Tao Dance Theater is one of the few Chinese companies to make regular appearances on Western stages, drawing equally on locally informed aesthetics and the formalism of postmodern dance and its successors. Scholar Hentyle Yapp profiles the troupe, whose singular style rethinks how we discuss non-Western dance beyond solely the universal or the particular.
© Fan Xi
Tao Dance Theater began in 2008 as a collaboration between Tao Ye, Duan Ni, and Wang Hao, quickly emerging on the global contemporary and modern dance scene. Since then, the company performed across stages in Australia, Asia, the Americas, and Europe. One of their early choreographic masterpieces, 4, established their renown in 2012, helping Tao Dance Theatre become one of the most widely circulated contemporary dance companies from China. Lasting thirty minutes, 4 is emblematic of the company’s larger aesthetic: formalist experimentation that is at times fast-paced, with explosive movements exploring kinetic ricochets across and through the dancers’ bodies with minimal muscular engagement. The company has continued creating works in a numbered series, progressing from 2 all the way up to, most recently, 16 and 17.
Since Tao Ye, one of the choreographers, was educated in Chongqing and worked with Jin Xing Dance Theater and Beijing Modern Dance Company, most journalists and popular discourse have situated the artist and the company primarily within the context of China. However, his use of movement, sound, and costume draws on a long legacy of aesthetic experimentation and formalism, prompting many reviewers to compare him to US and European luminaries like Lucinda Childs and Anne Teresa De Keersmaeker.

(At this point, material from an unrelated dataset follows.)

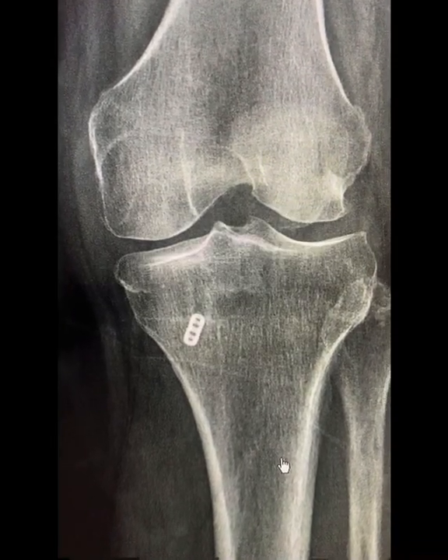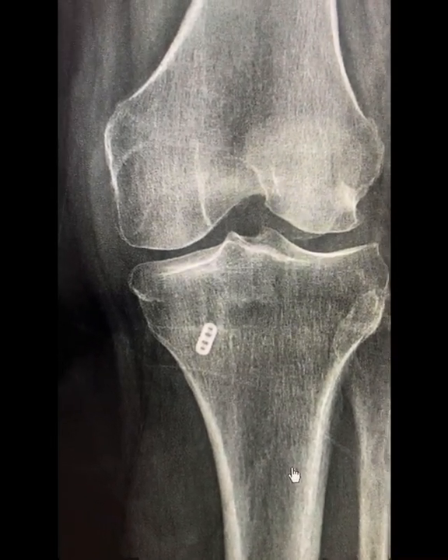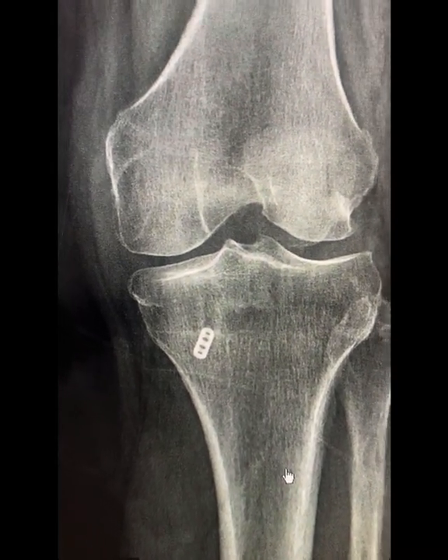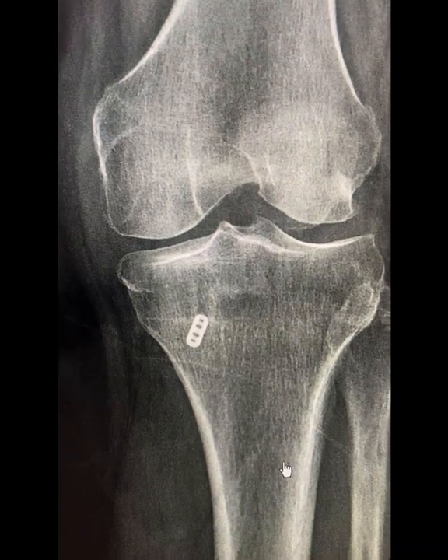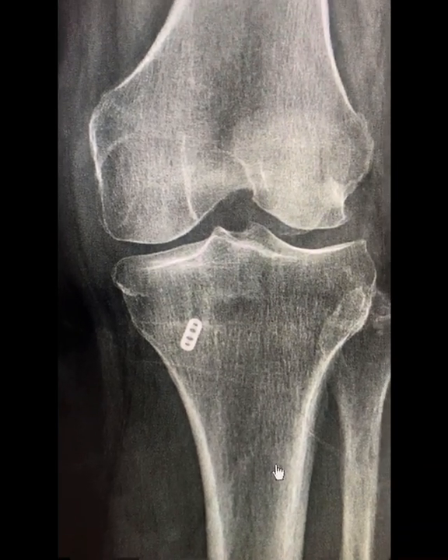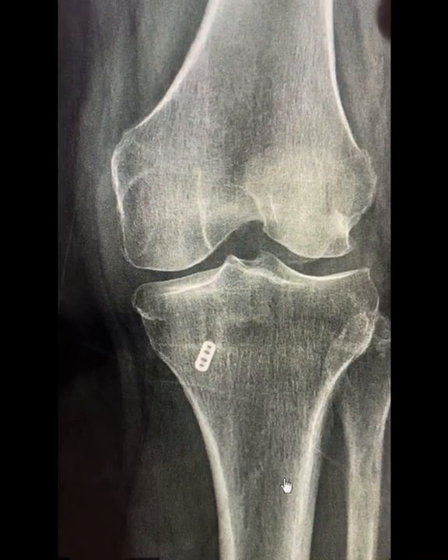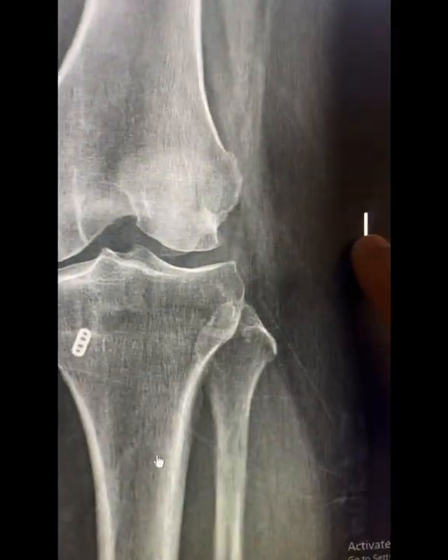Hi everybody, this is Dr. Mora. I wanted to show you a follow-up case. This is an X-ray of a 50-year-old patient of mine. I did a medial meniscus root repair on her a year ago. She came in for a routine visit and I wanted to get an X-ray to see how her knee was doing. This is the X-ray of her left knee.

This formalist approach can be seen either as an all-encompassing lens by which to understand Tao’s choreography or as an aesthetic at odds with his Chineseness. Yet Tao Dance Theater is neither merely an example of a Chinese company nor simply a universal instance of modern and contemporary dance; instead, their unique aesthetics and genealogies expand how we consider and discuss dance increasingly emerging from the non-West.
Tao Ye was first introduced to modern and contemporary dance while performing in an army troupe. During an impromptu class, a teacher from Shanghai’s Jin Xing Dance Theater introduced the choreographer to the aesthetics of modern and contemporary dance. Afterwards, Tao Ye went on to work for two of China’s largest modern dance companies, as mentioned above. Within China’s broader dance ecosystem, Tao Dance Theater certainly draws from a rich genealogy of modern/contemporary dance artists from China, Taiwan, Japan, and Hong Kong. Choreographers such as Lin Hwai-Min, Shen Wei, Yin Mei, and Eiko & Koma, among others, have established and expanded our understanding of modern and contemporary dance emerging across Asia and its diasporas.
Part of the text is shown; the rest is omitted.